I won’t lie and say I was 100% happy, or that all of it was real, because I was definitely running away from reality and lots of the people I counted as ‘friends’ were nothing more than fellow party-goers, searching for the next buzz. I’m so grateful that I met Husband when I did because I think my burnout would have been far more spectacular, had I not. As it stands I met someone who cared about me a whole lot more than I cared about myself and it gave me the impetus to stop abusing my mind and body.
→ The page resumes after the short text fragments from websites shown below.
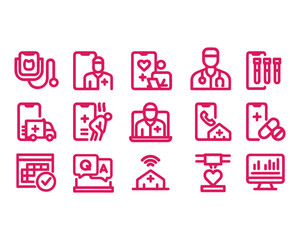 Remote medical care, bold line icon 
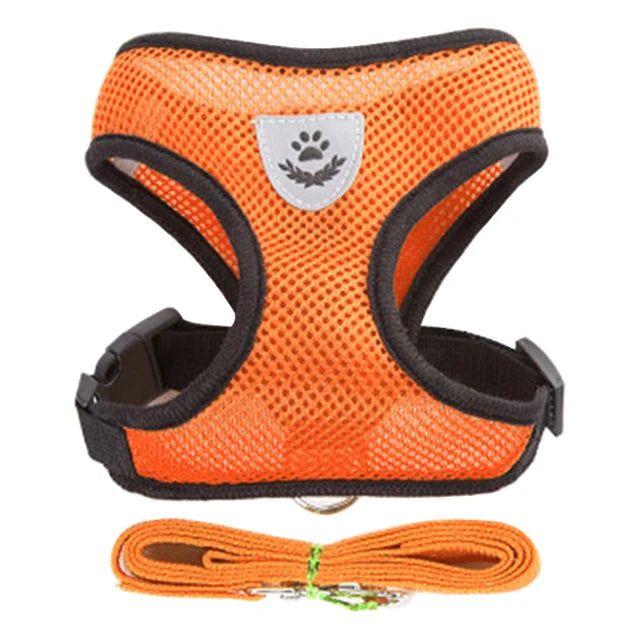 Adjustable Mesh Dog Harness Leash Polyester For Small Pets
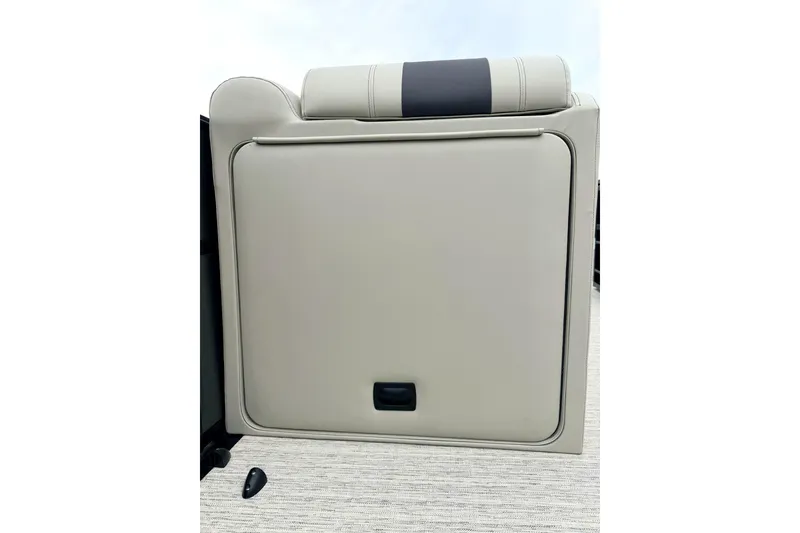 Slide: The Image of 2026 Coach Pontoons 223 RFC seat with beige upholstery and black accent. - 16
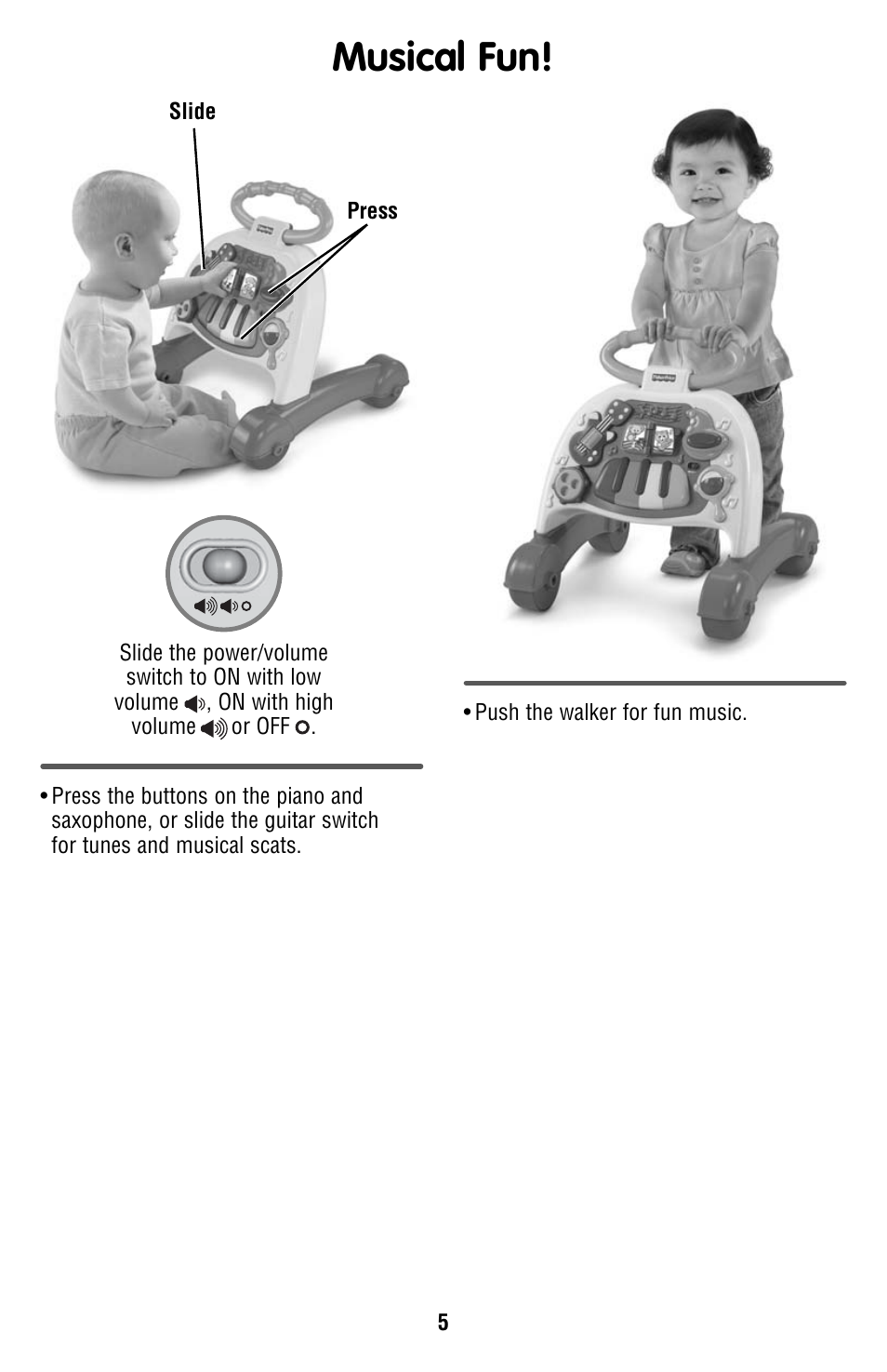 Musical fun | Fisher-Price V3254 User Manual | Page 5 / 6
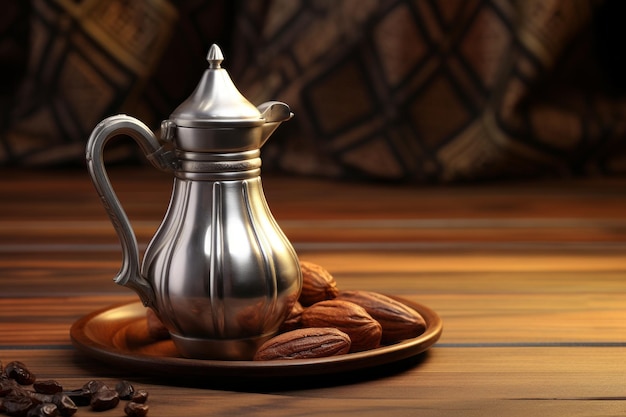 Photo arabic coffee pot for saudi coffee with wood background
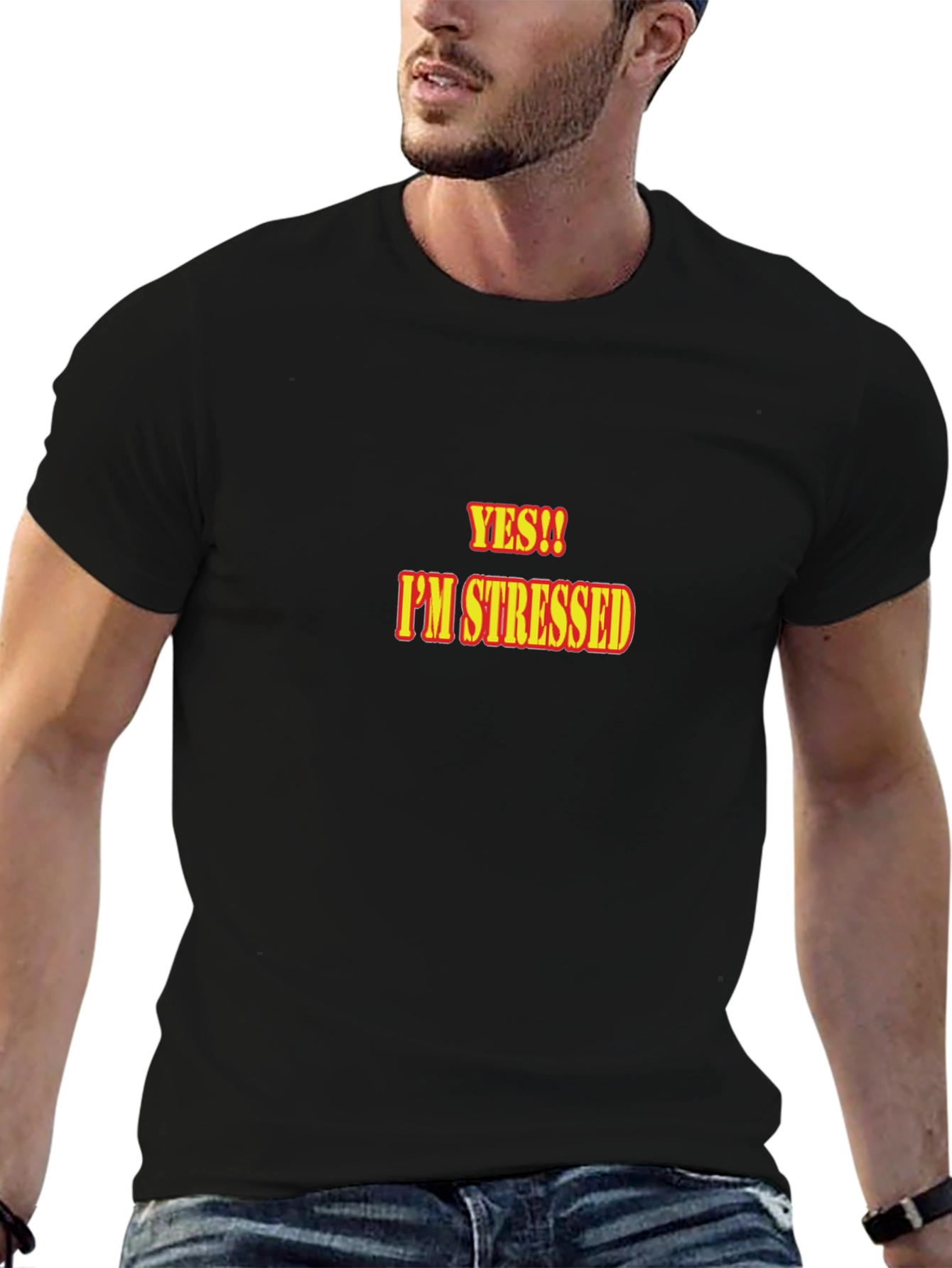 Black Yes!! I'm Stressed T-Shirt - Black Cotton view 6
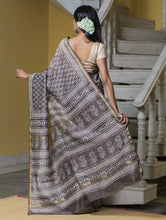 Load image into Gallery viewer, Bagru Block Printed Chanderi Saree - Bud (With Blouse Piece)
Skip forward a few years and even the friends who were real, the ones I have almost life-long memories with, are few and far between. I won’t lie to you, dear readers, it’s largely my fault. A heady mix of lack of confidence because of my weight, combined with social anxiety that was exacerbated by PTSD means that I’m flaky at best. I’m great at talking to people on Facebook, but actually mobilising myself and getting to a coffee shop or friends house sends me into a tailspin. Even when I do make plans, more often than not I’ll cop out and cancel at the last minute. For someone who used to thrive on being out and about, it’s quite a turnaround.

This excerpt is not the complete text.